Six Sigma Best Practices: A Guide To Business Process Excellence For Diverse Industries

Data present information about a product or process. The data may be qualitative or quantitative. In any project/process, effective presentation of the data is as important as the collection of the data. Weeding out irrelevant information and conveying all relevant information accurately and unambiguously are also important. Because data may support or reject project objectives, data become a very critical part of any project or process.
Numerous data presentation techniques are available to describe data. Some commonly used techniques will be described:
Tables, histograms, and box plots describe both the central tendency and the distribution of data.
Bar graphs and stacked bar graphs compare information from different sources.
Pie charts proportionate the distribution relationship in the data (information).
Line graphs, control charts, and run charts describe data (information) changes over time.

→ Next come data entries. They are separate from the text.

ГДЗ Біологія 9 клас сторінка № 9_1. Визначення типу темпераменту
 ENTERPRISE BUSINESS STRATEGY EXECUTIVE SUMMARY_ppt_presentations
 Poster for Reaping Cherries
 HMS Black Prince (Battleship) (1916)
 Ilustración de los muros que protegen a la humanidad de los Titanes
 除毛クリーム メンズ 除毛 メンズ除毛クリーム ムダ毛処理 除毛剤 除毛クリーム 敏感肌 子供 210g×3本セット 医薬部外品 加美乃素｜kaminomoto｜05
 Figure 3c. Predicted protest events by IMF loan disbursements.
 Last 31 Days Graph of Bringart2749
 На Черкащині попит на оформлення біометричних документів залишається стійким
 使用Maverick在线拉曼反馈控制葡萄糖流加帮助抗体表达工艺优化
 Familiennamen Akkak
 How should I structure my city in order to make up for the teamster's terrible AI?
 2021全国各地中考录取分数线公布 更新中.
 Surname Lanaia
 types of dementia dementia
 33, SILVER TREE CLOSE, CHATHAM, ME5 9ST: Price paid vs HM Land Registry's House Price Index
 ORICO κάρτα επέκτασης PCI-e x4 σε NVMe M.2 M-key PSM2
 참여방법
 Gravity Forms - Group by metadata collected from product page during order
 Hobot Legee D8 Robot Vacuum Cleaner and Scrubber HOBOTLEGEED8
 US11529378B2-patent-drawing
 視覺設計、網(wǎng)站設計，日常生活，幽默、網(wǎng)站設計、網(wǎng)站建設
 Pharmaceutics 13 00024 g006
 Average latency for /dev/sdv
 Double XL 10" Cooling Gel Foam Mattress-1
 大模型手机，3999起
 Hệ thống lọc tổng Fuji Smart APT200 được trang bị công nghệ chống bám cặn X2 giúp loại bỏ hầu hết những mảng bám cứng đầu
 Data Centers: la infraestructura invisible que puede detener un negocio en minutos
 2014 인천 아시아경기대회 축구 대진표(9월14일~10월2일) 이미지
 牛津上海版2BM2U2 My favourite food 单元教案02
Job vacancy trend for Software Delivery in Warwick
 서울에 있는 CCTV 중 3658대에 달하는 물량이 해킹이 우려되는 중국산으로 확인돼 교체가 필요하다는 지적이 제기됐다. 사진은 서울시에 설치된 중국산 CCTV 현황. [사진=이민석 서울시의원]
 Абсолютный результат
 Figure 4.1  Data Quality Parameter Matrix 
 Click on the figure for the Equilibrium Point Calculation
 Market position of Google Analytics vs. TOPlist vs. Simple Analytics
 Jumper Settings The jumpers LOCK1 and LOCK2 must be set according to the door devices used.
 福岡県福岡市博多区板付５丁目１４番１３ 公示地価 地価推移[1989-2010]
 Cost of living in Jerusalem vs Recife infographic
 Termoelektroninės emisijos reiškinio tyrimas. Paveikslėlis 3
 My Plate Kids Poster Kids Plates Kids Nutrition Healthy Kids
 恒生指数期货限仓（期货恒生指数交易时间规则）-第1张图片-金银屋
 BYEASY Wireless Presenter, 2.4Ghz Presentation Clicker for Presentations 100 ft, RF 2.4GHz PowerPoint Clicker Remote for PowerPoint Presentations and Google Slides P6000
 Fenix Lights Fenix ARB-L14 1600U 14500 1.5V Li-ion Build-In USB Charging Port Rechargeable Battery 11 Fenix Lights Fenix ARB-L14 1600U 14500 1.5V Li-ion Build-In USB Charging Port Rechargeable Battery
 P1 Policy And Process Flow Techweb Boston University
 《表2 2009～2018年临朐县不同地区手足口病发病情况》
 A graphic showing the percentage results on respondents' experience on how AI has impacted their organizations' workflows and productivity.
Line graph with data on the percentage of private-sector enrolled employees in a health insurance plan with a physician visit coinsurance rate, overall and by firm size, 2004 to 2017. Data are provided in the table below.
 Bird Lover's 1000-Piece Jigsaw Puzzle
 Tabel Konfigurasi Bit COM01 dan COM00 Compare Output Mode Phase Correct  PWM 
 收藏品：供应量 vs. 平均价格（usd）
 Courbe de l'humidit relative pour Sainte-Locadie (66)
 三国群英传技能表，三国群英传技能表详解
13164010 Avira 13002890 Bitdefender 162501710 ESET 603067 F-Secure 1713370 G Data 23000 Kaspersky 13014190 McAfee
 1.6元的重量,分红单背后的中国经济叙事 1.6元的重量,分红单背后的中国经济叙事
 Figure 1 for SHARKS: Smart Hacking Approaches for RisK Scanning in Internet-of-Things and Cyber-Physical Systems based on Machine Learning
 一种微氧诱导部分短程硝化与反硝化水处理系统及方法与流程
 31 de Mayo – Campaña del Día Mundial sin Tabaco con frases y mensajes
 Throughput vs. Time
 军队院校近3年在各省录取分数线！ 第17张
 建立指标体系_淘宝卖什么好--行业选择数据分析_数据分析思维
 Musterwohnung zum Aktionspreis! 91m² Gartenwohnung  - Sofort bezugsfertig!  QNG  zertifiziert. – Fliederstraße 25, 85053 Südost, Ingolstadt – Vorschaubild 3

Mean, median, and mode describe the central tendency of data.
Range, variance, and standard deviation describe data distribution.
As a project team analyzes the data, the team must determine which data properties that support project issues/problems are dominant in the collected/historical data:
If the team is looking for "What is the central tendency of the data?" and/or "Where do the values tend to occur?" then the team should analyze the data for mean, median, and mode.
If data distribution (dispersion) is the team's interest, then the team should analyze the data for range, variance, and standard deviation and try to summarize the information in tables, histograms, and box plots.
If the team is interested in...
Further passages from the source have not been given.